[Task statement]:
Would you restate the listing word for word, with the images omitted?
━━ Recorded data
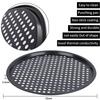 LMETJMA Pizza Pan With Holes Carbon Steel Perforated Non-Stick Pizza Tray for Oven Pizza Crisper Pan Dishwasher Safe JT139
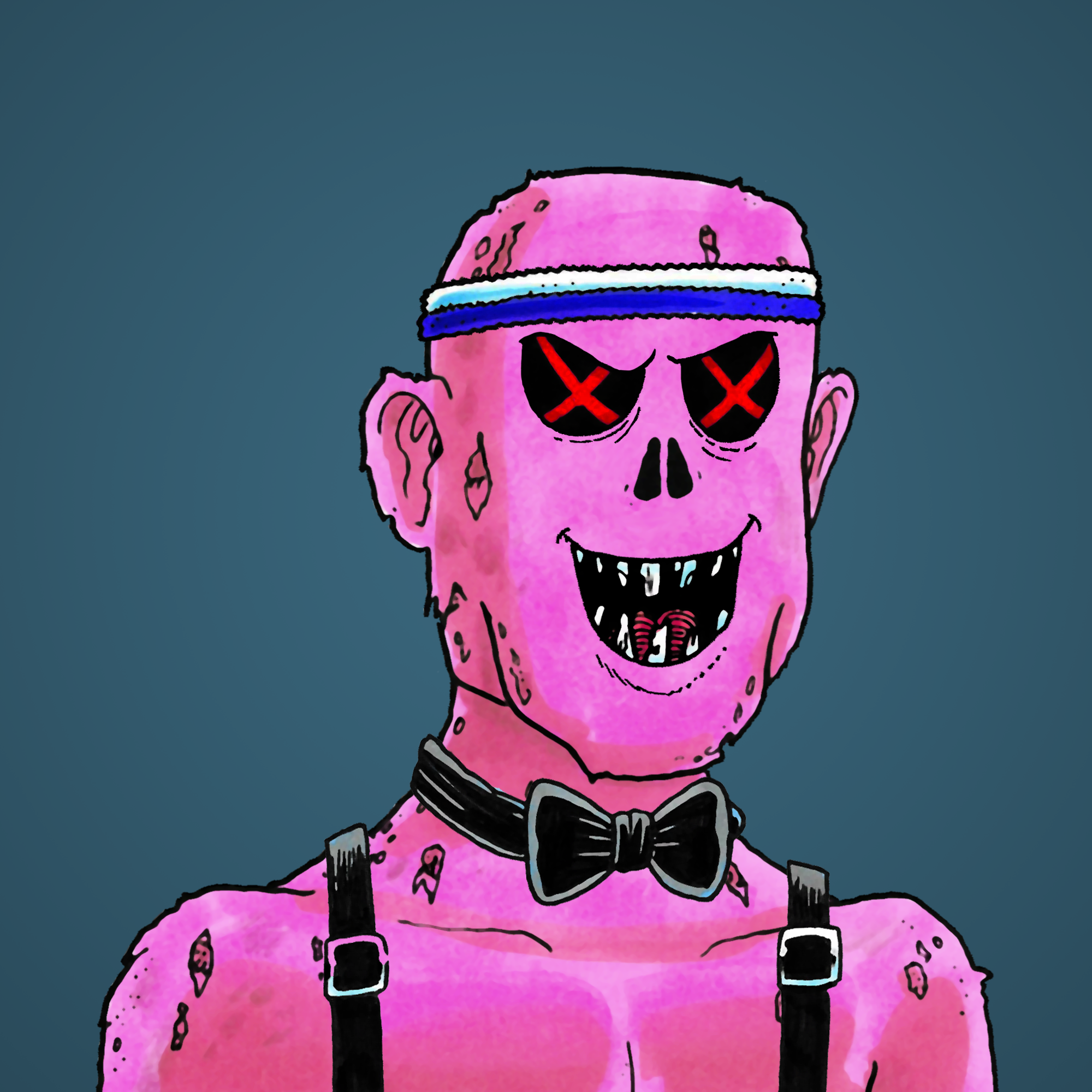 George Trosley - Jungle Freaks - Jungle Freak 5665 - NFT # 5665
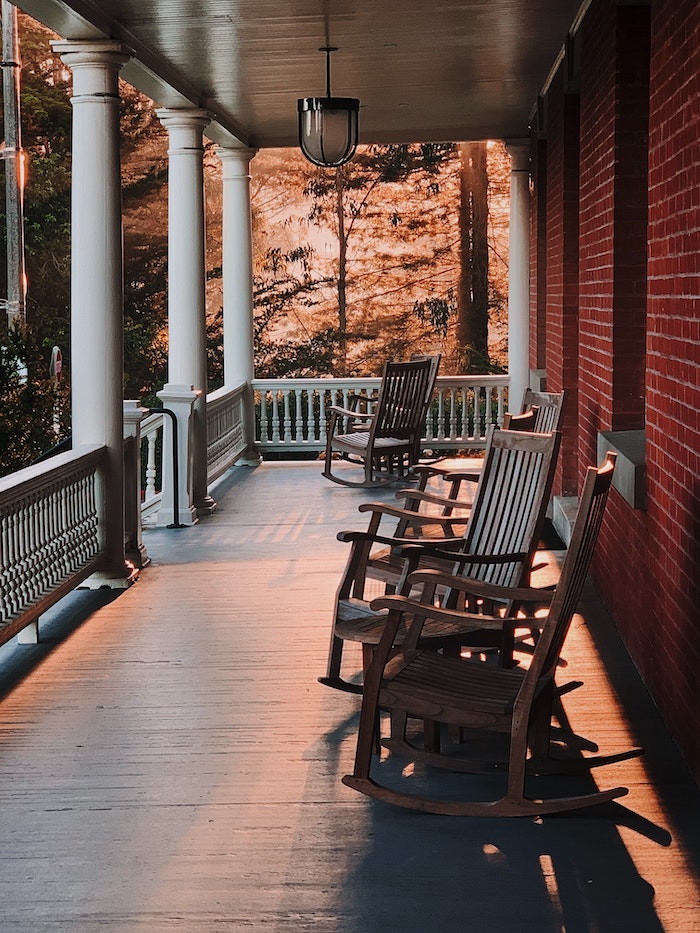 traditional front porch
━━━━
[Response]:
 LMETJMA Pizza Pan With Holes Carbon Steel Perforated Non-Stick Pizza Tray for Oven Pizza Crisper Pan Dishwasher Safe JT139
 George Trosley - Jungle Freaks - Jungle Freak 5665 - NFT # 5665
 traditional front porch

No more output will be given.